_Exercise instructions_
In the entries that follow, find the line containing "6 Tathira Crescent, Merrylands NSW 2160", then output exactly every line from the first through that one.
Top of Records for the task
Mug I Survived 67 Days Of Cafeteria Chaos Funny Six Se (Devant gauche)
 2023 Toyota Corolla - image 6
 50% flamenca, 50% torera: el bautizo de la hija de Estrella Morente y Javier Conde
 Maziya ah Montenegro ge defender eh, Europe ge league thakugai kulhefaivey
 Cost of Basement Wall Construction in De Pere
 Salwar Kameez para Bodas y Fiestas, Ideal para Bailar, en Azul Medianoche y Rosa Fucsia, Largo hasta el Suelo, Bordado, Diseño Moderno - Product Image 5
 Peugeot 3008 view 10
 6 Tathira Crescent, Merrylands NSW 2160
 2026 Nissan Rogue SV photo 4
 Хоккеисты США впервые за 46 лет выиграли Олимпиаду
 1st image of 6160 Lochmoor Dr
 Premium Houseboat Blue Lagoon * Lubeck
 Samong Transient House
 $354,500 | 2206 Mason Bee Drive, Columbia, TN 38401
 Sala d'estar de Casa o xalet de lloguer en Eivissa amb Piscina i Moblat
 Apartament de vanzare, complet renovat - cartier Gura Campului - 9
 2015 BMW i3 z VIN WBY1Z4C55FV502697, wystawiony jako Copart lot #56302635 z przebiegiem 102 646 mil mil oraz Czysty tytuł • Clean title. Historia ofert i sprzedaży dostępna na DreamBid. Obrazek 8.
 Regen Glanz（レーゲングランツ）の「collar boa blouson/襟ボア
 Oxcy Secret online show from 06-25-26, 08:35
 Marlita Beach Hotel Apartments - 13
Bottom of Records for the task
_Response area_
Mug I Survived 67 Days Of Cafeteria Chaos Funny Six Se (Devant gauche)
 2023 Toyota Corolla - image 6
 50% flamenca, 50% torera: el bautizo de la hija de Estrella Morente y Javier Conde
 Maziya ah Montenegro ge defender eh, Europe ge league thakugai kulhefaivey
 Cost of Basement Wall Construction in De Pere
 Salwar Kameez para Bodas y Fiestas, Ideal para Bailar, en Azul Medianoche y Rosa Fucsia, Largo hasta el Suelo, Bordado, Diseño Moderno - Product Image 5
 Peugeot 3008 view 10
 6 Tathira Crescent, Merrylands NSW 2160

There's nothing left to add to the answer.